*** Input for this task

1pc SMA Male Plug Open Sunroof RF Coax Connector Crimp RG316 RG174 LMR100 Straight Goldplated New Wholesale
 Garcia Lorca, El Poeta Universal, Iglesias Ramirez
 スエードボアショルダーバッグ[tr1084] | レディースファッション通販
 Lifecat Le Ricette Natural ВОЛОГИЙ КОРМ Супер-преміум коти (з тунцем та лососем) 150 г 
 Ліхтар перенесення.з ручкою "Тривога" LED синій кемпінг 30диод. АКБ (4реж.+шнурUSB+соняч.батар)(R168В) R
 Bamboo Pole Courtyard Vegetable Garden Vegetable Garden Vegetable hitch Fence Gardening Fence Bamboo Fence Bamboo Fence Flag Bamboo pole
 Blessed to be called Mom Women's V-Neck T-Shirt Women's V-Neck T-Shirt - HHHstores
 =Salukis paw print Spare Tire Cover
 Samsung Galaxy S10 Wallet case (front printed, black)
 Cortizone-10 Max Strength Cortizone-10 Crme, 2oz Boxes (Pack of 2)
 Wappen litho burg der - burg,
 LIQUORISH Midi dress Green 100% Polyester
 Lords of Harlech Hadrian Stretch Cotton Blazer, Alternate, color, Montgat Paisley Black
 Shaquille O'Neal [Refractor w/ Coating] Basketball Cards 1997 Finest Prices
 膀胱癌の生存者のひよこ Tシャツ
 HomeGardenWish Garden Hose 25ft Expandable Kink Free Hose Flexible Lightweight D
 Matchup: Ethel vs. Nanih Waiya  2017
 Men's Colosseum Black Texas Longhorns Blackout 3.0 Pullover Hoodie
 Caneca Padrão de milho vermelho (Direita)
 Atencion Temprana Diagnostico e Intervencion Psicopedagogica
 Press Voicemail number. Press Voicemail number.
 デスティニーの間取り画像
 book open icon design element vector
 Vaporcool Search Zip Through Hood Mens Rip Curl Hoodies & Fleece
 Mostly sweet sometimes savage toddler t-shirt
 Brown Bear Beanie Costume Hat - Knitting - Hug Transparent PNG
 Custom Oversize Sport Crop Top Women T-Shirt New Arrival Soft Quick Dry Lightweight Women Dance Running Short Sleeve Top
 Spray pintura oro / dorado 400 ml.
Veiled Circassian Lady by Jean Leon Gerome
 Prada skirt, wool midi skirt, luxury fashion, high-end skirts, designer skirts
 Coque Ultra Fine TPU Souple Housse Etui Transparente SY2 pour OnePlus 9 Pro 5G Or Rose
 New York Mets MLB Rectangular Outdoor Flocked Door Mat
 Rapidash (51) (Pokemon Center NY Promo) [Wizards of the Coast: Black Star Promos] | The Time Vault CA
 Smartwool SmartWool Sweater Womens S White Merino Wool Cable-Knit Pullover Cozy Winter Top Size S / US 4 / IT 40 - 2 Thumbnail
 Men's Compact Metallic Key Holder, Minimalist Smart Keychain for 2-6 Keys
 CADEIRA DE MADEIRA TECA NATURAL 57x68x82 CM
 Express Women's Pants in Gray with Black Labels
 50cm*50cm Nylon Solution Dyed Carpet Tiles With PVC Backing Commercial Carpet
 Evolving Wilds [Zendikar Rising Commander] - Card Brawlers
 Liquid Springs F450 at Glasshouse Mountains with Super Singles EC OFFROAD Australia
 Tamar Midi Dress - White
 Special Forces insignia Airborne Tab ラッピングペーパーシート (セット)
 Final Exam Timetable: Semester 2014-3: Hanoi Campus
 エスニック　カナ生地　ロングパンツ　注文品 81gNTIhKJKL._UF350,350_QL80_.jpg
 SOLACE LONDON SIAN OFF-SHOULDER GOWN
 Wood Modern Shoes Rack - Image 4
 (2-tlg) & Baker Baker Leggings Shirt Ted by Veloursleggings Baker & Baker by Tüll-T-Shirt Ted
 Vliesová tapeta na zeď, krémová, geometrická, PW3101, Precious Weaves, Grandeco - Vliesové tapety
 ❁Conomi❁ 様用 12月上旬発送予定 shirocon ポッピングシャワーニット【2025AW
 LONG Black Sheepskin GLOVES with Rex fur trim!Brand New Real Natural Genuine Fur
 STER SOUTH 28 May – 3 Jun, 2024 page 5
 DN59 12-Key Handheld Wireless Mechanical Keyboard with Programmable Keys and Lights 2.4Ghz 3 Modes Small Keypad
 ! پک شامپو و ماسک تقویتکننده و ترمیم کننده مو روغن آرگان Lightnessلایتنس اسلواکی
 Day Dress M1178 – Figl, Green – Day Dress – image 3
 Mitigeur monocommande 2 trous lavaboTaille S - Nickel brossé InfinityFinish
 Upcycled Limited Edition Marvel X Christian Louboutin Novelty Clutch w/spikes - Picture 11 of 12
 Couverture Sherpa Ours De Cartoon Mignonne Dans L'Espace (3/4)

******

#### [Work item]
In the entries above, how many lines hold the word "Lightweight"? Answer with the number only.

#### [Solution]
2